The method for forming a silicon oxide film and the method for removing structural defects in the present invention will be described below. Normal thermal oxidation is performed in an oxidizing atmosphere near atmospheric pressure,
In the method of the present invention, thermal oxidation is performed in an atmosphere having a low partial pressure of oxidizing gas. Especially when the oxidizing atmosphere is in the high vacuum region, the etching and oxidation of the silicon surface are very sensitive to the oxidizing conditions.

FIG. 1 shows this state. In FIG. 1, the horizontal axis represents the oxidation temperature and the vertical axis represents the oxidizing gas partial pressure in the atmosphere. In the figure, the shaded portion 102 is a region where etching of the silicon surface occurs, and the other portion 101 is a region where the silicon surface is oxidized. That is, when the oxidation temperature under the oxidation conditions is constant, the etching and oxidation of the surface can be controlled as indicated by arrow A by adjusting the partial pressure of the oxidizing gas.
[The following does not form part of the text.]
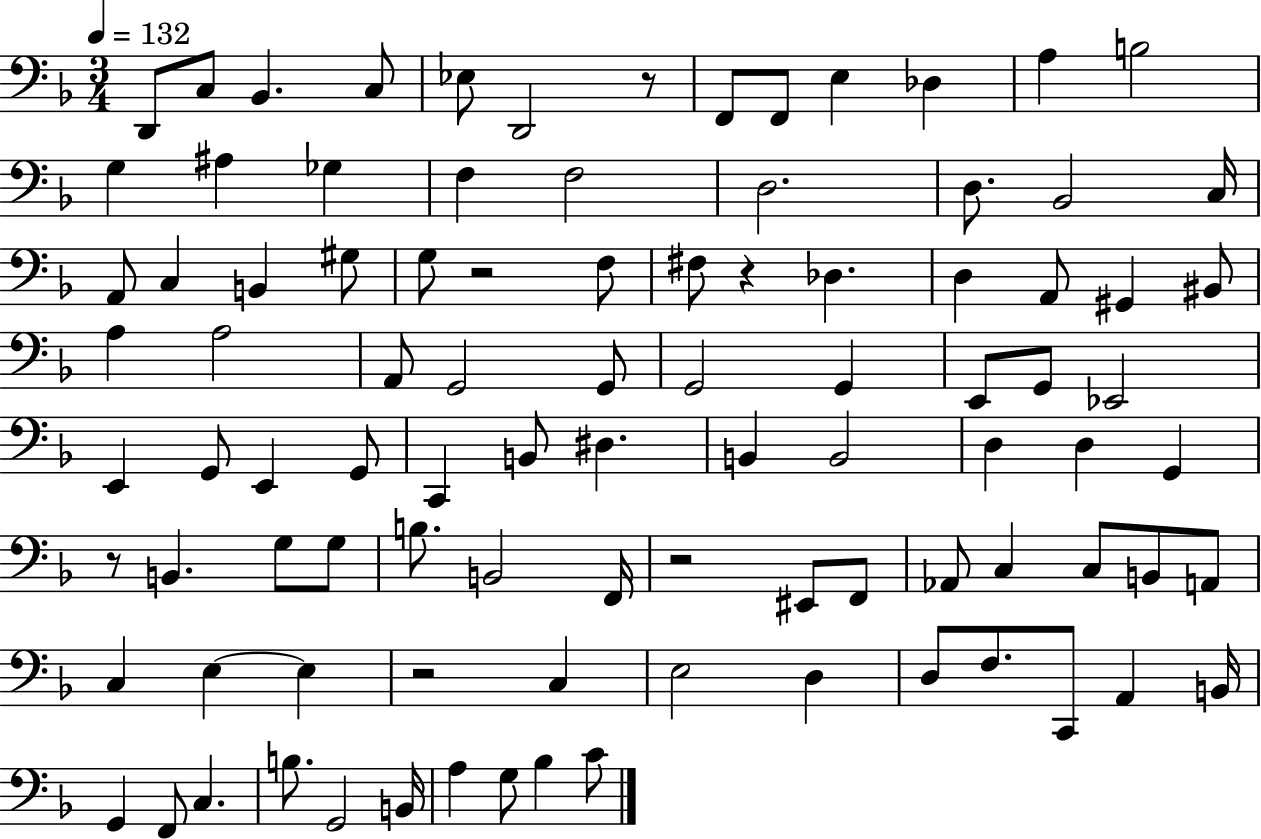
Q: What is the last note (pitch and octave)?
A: C4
When the oxidizing gas partial pressure is constant, the etching temperature and the oxidation of the surface can be controlled as shown by arrow B by adjusting the oxidation temperature.
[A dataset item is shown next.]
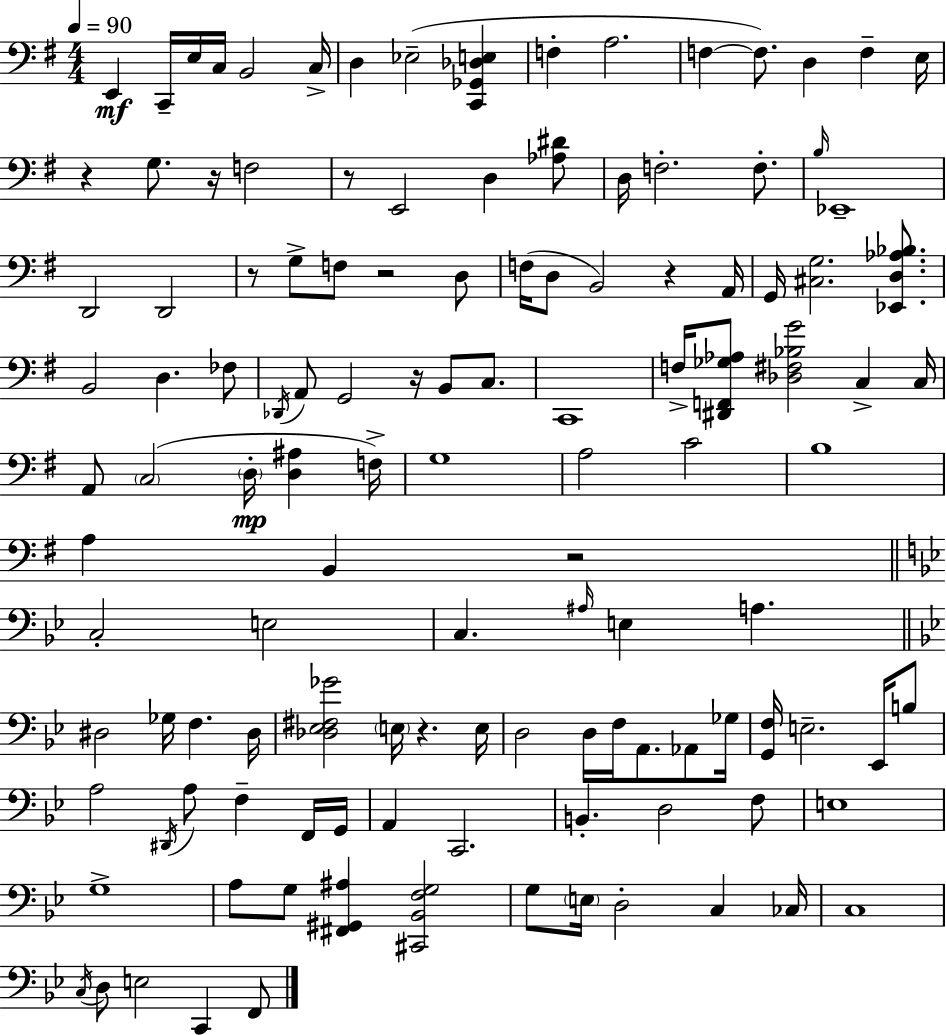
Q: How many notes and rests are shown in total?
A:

Here, the etching of the Si surface occurs when silicon monoxide (Si-O) produced by the reaction between the oxidizing gas and Si sublimes into the gas phase. This process is used for surface cleaning when crystal-growing a thin film on a silicon substrate.

By the way, as described above, the structural defects in the silicon oxide film are Si having a smaller oxidation number than SiO _2.
O _X and a Si-Si bond defects of this kind is considered to discretely distributed within the wafer surface. The inventor of the present application paid attention to such a structure of defects in the silicon oxide film. Incomplete coupling portions such as SiO _X or Si-Si, compared to the portion having a tetrahedral structure, it is in a transient state of easily more SiO bonds. Therefore, when the silicon oxide film containing structural defects is exposed to the above-mentioned conditions in which the sublimation of Si—O occurs, the portion where the bond is incomplete, that is, the structural defect portion sublimates first. If this state is maintained thereafter, the silicon oxide film over the entire area of the silicon substrate will sublime. Therefore, by appropriately setting the processing condition (processing time), it becomes possible to selectively remove only the structural defect portion in the silicon oxide film.
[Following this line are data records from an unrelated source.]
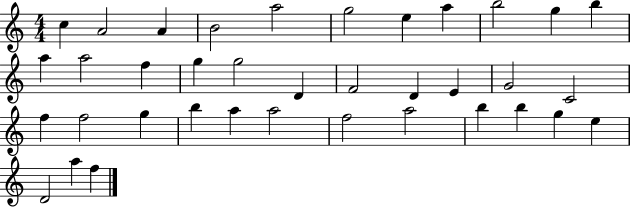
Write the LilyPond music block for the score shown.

{
  \clef treble
  \numericTimeSignature
  \time 4/4
  \key c \major
  c''4 a'2 a'4 | b'2 a''2 | g''2 e''4 a''4 | b''2 g''4 b''4 | \break a''4 a''2 f''4 | g''4 g''2 d'4 | f'2 d'4 e'4 | g'2 c'2 | \break f''4 f''2 g''4 | b''4 a''4 a''2 | f''2 a''2 | b''4 b''4 g''4 e''4 | \break d'2 a''4 f''4 | \bar "|."
} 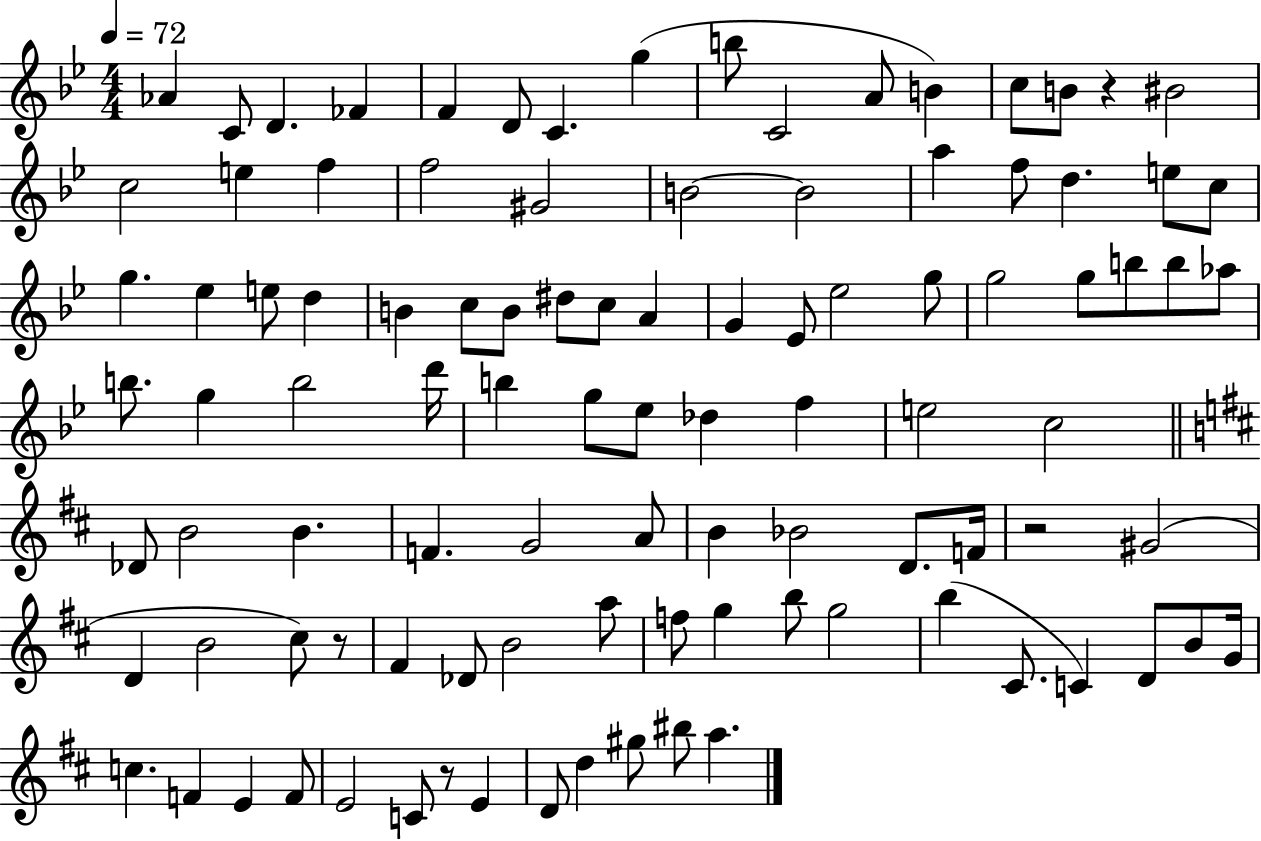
Ab4/q C4/e D4/q. FES4/q F4/q D4/e C4/q. G5/q B5/e C4/h A4/e B4/q C5/e B4/e R/q BIS4/h C5/h E5/q F5/q F5/h G#4/h B4/h B4/h A5/q F5/e D5/q. E5/e C5/e G5/q. Eb5/q E5/e D5/q B4/q C5/e B4/e D#5/e C5/e A4/q G4/q Eb4/e Eb5/h G5/e G5/h G5/e B5/e B5/e Ab5/e B5/e. G5/q B5/h D6/s B5/q G5/e Eb5/e Db5/q F5/q E5/h C5/h Db4/e B4/h B4/q. F4/q. G4/h A4/e B4/q Bb4/h D4/e. F4/s R/h G#4/h D4/q B4/h C#5/e R/e F#4/q Db4/e B4/h A5/e F5/e G5/q B5/e G5/h B5/q C#4/e. C4/q D4/e B4/e G4/s C5/q. F4/q E4/q F4/e E4/h C4/e R/e E4/q D4/e D5/q G#5/e BIS5/e A5/q.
In the present invention, the above-mentioned structural defect removing method is incorporated into the thermal oxidation method, and the oxide film forming step by thermal oxidation and the sublimation rate of silicon monooxide (SiO) are higher than the oxidation rate. The initial oxidation is performed by continuously repeating the defect removing step of removing defects in the silicon oxide film in the atmosphere.

FIG. 2 is a diagram showing an outline of this method of the present invention. As shown in FIG. 2A, generally, the silicon substrate 3
On the surface of 10, there are surface defects 202 that cannot be completely removed by pretreatment with various chemicals. When the surface of the silicon substrate in this state is oxidized by forming an atmosphere 207 which causes oxidation as shown in FIG. 2B, the silicon oxide film 203 contains structural defects 204.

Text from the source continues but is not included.